Ocak’ın araştırmalarından çıkan bir diğer sonuç ise, “Babaî hareketi” diyebileceğimiz siyasî-sosyal ve hatta kaçınılmaz olarak dinî bir hareket söz konusu olsa bile bu ad altında bir tarikatın kurulmuş olmadığıdır. Ona göre, ne sonraki izleyicileri ne de hâliyle Baba İlyas, “Babaî Tarikatı” adıyla bir tarikat kurmuştu. Mensup oldukları tarikat ise Vefâîye idi.

Babaî isyanına katılan kitlelerin, dinî görüşleri her zaman için Selçuklu merkezinin görüşleriyle örtüşmeyen göçebeler olduğunu ve bunların da ağırlıklı olarak Harezmşah devletinin Moğollar tarafından dağıtılması üzerine 13. Yüzyılın ilk yarısında Anadolu’ya yöneldiklerini söyleyebiliriz. Bu “Harezmli” yeni göçmen ve göçebelerle ilk Osmanlıların yakın ataları arasında bir bağ olduğu da tarihçiler arasında oldukça kabul gören bir düşüncedir. Şimdi ayrıntısına girmeyelim ama sadece Rudi Lindner ve Feridun Emecen gibi modern tarihçilerin değil, ta 18. Yüzyılın sonunda, meşhur İngiliz tarihçi Edward Gibbon’ın da bu fikirde olduğunu not edelim. Gibbon, “Harezmli” adı altında pek çok Türkmen grubu bulunduğunu ve Osman’ın atalarının da bunların Selçuklu hizmetine girenleri arasında olduğunu söylemişti.

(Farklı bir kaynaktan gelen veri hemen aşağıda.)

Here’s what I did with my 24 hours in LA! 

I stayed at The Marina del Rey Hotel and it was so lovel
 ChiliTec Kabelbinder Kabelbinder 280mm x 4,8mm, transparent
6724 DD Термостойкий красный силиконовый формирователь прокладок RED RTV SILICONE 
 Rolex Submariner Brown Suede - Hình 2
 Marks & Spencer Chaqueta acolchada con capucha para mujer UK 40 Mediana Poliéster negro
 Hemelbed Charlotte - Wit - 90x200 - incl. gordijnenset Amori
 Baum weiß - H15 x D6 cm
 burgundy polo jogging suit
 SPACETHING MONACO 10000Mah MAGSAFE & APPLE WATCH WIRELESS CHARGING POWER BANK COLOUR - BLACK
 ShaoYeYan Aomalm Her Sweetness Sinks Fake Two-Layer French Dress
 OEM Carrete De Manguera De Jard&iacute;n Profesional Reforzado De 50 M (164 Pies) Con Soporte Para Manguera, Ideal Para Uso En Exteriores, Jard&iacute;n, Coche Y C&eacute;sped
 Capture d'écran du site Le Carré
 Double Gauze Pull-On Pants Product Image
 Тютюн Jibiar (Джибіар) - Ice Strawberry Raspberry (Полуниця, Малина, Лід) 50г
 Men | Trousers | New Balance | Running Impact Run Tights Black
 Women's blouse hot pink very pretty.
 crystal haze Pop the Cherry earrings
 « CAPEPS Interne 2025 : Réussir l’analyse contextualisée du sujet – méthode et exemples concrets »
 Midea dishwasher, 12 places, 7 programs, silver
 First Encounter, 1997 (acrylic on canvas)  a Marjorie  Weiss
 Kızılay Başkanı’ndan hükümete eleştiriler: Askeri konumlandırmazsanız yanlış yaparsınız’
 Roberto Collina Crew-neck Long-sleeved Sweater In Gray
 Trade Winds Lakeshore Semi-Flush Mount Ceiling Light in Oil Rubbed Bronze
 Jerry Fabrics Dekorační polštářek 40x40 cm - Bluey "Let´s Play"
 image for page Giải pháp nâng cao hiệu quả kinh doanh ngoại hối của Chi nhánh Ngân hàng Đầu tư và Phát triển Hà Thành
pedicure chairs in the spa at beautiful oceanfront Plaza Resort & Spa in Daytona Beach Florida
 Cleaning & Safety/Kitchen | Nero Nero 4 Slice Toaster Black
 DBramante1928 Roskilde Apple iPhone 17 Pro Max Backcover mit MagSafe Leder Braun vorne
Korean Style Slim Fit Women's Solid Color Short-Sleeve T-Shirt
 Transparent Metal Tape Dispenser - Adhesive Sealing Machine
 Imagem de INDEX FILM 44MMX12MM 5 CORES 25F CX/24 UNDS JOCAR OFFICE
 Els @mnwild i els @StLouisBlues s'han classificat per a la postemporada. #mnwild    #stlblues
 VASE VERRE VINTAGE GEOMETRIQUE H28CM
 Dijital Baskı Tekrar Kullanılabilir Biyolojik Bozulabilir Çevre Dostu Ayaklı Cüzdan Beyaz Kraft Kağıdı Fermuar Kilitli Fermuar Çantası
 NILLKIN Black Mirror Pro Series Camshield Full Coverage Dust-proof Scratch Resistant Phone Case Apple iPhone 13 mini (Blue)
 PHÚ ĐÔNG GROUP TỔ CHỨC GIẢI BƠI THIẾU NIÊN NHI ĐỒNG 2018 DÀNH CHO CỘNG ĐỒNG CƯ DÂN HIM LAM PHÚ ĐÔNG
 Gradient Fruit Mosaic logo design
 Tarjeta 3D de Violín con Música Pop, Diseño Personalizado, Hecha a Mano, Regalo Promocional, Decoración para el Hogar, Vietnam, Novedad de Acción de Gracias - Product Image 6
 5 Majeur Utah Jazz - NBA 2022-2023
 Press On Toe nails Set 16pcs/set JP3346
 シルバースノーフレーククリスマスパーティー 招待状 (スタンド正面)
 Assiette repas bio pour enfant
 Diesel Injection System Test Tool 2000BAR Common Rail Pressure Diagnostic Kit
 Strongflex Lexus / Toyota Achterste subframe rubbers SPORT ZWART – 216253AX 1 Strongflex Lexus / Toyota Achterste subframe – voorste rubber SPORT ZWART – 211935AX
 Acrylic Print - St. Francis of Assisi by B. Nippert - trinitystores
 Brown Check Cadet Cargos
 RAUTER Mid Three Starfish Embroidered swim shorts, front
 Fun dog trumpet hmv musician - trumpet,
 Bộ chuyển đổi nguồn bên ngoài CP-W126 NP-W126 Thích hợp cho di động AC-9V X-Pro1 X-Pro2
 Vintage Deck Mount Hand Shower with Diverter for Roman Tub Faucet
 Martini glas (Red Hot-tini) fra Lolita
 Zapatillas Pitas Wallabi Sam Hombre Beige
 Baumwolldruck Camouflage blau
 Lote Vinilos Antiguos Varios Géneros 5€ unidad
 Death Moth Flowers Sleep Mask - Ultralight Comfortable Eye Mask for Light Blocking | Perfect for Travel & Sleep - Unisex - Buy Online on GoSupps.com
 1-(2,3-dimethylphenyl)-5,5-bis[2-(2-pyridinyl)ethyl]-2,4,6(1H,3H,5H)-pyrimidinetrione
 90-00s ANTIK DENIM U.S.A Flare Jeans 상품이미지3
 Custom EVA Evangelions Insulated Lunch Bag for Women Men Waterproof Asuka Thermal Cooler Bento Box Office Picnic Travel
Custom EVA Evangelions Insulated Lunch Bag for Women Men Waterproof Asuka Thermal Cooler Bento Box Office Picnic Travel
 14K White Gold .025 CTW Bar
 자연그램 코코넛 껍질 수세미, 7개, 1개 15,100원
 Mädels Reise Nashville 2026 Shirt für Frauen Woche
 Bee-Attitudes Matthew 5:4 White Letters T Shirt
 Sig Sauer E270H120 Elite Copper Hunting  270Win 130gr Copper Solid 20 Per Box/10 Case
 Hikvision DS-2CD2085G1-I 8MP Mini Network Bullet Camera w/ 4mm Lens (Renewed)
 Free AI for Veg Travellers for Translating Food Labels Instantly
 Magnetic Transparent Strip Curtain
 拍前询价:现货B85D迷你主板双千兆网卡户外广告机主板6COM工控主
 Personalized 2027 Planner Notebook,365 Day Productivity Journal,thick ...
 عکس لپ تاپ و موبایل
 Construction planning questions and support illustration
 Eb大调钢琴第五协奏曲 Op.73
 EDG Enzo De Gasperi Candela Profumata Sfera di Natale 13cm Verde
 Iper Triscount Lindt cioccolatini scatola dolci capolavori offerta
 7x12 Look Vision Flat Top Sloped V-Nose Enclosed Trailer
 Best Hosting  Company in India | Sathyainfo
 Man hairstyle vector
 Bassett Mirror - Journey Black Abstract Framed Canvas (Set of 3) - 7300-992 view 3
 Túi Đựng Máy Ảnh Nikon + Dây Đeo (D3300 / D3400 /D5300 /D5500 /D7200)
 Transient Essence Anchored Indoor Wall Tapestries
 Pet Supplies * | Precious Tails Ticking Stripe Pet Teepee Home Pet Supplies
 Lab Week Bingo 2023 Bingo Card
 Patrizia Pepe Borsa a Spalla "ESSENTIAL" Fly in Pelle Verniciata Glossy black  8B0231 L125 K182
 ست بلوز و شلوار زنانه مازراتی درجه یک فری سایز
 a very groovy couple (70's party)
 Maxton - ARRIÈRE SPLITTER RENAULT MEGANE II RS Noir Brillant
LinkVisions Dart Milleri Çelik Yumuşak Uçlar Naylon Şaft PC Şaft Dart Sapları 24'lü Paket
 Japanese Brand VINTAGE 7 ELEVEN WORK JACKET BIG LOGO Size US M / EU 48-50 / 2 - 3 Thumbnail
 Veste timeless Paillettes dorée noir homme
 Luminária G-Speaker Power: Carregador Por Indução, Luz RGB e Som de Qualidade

Bir bakıma, 13.Yüzyıl Anadolu’sundaki en önemli sosyal ve siyasî dönüşümleri, Moğolların Harezmşahlar devletini çökertmeleriyle ve tabii ki kısa süre içinde doğrudan Anadolu’ya yönelmeleriyle ilişkilendirebiliriz. Anadolu’ya olan yeni göçler, Babaî ayaklanması, Selçuklu merkezinin Moğol üst egemenliğini tanıması, mülteci göçebelerin Anadolu uçlarında yeni beylikler kurmaları ve Türkçenin yazı dili olarak ortaya çıkması bu dönüşümlerin başlıcaları arasındadır. Bir de unutmamak gerekiyor ki bunlar birbirleriyle bağlantılıdırlar. Mesela, Babaî hareketiyle Osmanlı beyliğinin kuruluşu arasındaki bağlantı gibi.

Köprülü’den beri, Moğolların, Türkmenleri sadece Anadolu yönüne itmekle kalmadıkları, aslında Selçuklu devletine karşı harekete geçmeleri için teşvik edici bir rol oynadıkları yolunda düşünceler de vardır. Babaî ayaklanmasında dış boyutu tartışırken Ocak, buna da dikkat çekiyor:

“Bu türden son bir ihtimal olarak bir de Moğol tahriki üzerinde düşünülebilir. Öyle tahmin edilir ki, daha Alâeddin Keykubâd zamanından beri Anadolu’yu işgal niyetini besleyen Moğollar da Türkmenler üzerinde teşvik edici bir rol oynamış olsunlar. Lâkin yukarıda da söylediğimiz gibi, bu saydıklarımız, ispatı mümkün olmayan, ama vuku bulmuş olma ihtimali de söz konusu olabilecek olan durumlardır.”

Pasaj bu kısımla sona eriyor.